Sector state notifications
For user-programmed storage markets and similar applications, it would be nice if sector state changes could be pushed to those actors, so that the actors could rely on those pushes to track relevant changes. E.g. for data D satisfying some deal:
- Data D committed to sector S1
- Data D committed to sector S2
- Data D removed from sector S1
- (Optional) Sector S2 faulted/recovered
- Sector S2 terminated
Opt-in notifications
For data being added to a sector, we could have SPs opt in to sending the notifications by specifying the actors to notify. The Direct data onboarding & FIL+ technical design does this, but it’s not enough to implement a complete market. What if the SP later overwrites that data (when we can re-snap)? What if the sector terminates early? The market needs to know that the SP is no longer storing the data.
For cases were data is removed, it’s not enough to allow the SP to send the notification, they must be forced to send it.
Forcing notifications
We could record in sector state information about (or a commitment to) which actors were notified about the initial commitment, and hence must be notified about changes. This could be a lot of state, but ignore that for now. Then, whenever an SP changes a sector, we could force them to notify the same parties notified earlier. This works for explicit removal of sector data.
Cron for involuntary events can’t send notifications
Forced notifications don’t work so well for involuntary events. A sector can be terminated automatically by being faulty for a long period, with no interaction from the SP. The fault and eventual termination are handled by cron. We can’t make calls to untrusted code like user-programmed markets from cron (and would like to minimise use of cron altogether), so can’t send notifications to interested actors.
Forcing notifications for involuntary events
A promising direction for reducing cron work is to restrict cron to merely checking that the SP has manually performed any required processing. For example we could introduce a “process deadline” method to be invoked explicitly at the end of every proving deadline which includes the logic of faulting partitions that missed Window PoST and terminating long-faulty sectors. Such an explicit call could be forced to send notifications.

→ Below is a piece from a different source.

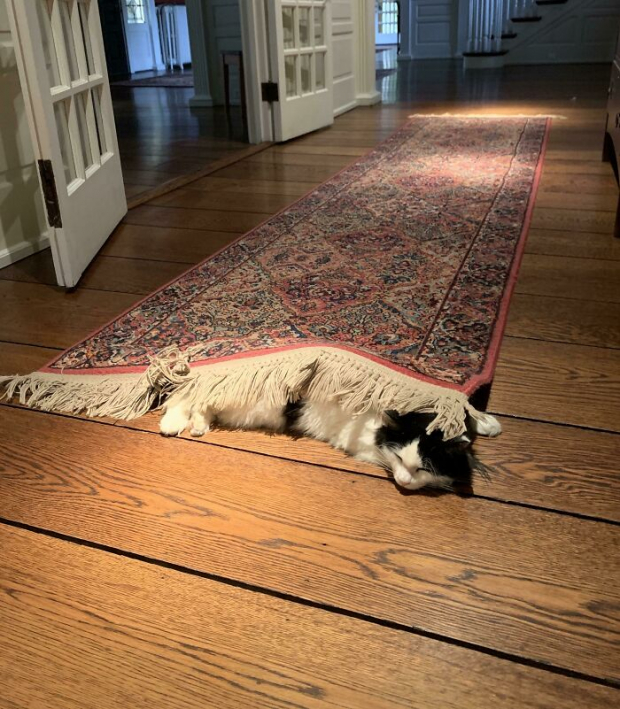 He is using this huge rug as a blanket!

The cron handler would then merely check that the deadline has been processed manually by the SP. And if it hasn’t? Enact some cheap-to-enforce penalty like immediately faulting everything in the deadline.
So, to summarise:
- An SP must make explicit an explicit call every deadline proving period to do the work currently done by cron.

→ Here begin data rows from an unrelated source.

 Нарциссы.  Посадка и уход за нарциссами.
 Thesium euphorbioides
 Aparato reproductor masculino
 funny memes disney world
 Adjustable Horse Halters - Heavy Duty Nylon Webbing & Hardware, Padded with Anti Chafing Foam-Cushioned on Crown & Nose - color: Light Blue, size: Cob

- This work can include forced notifications of sector state changes, including termination, to user-programmed actors.
- Cron remains, but merely checks that the SP has made the call. If it hasn’t, the deadline is faulted (or otherwise penalised).
Challenge: malicious actors
The big problem with this is that it boils down to “force the SP to call untrusted user code”. Malicious user-programmed “markets” could consume arbitrary amounts of gas. Not only could be this expensive, but it could exceed the block gas limit, making the message impossible to execute.

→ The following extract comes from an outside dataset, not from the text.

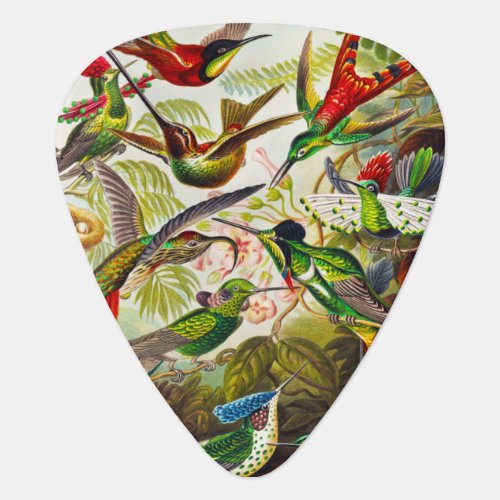 Vintage Hummingbirds by Ernst Haeckel Guitar Pick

This is a risk generally for on-chain notifications but at least, when voluntary, the SP can set appropriate gas limits, and if it all goes wrong can just chose to resubmit and not notify the malicious actor. This might cost them something, but is fundamentally recoverable and limited in scope to interactions with the malicious actor.
But if the core protocol requires the SP to send the notification, a malicious contract can hold the SP at ransom up to the value of whatever the penalty the chain will enforce for not sending the impossible notification.
Challenge: chain bandwidth & cost
Even without forced notifications, forced termination handling has a bandwidth challenge. In a disaster scenario, SPs might have many sectors terminating in a short period of time. The chain might not have enough total bandwidth to process all of the terminations within the deadline’s window. Faulting sectors will only make the systemic problem worse, as it would introduce some expensive Window PoST verifications for recovery as further competition for scarce bandwidth, or set more sectors on track for termination.
Even if bandwidth is sufficient, the gas price could be arbitrarily high. Forced termination processing could be a big financial risk to SPs, compounding the cost of any disaster. Gas lanes or an equivalent might help.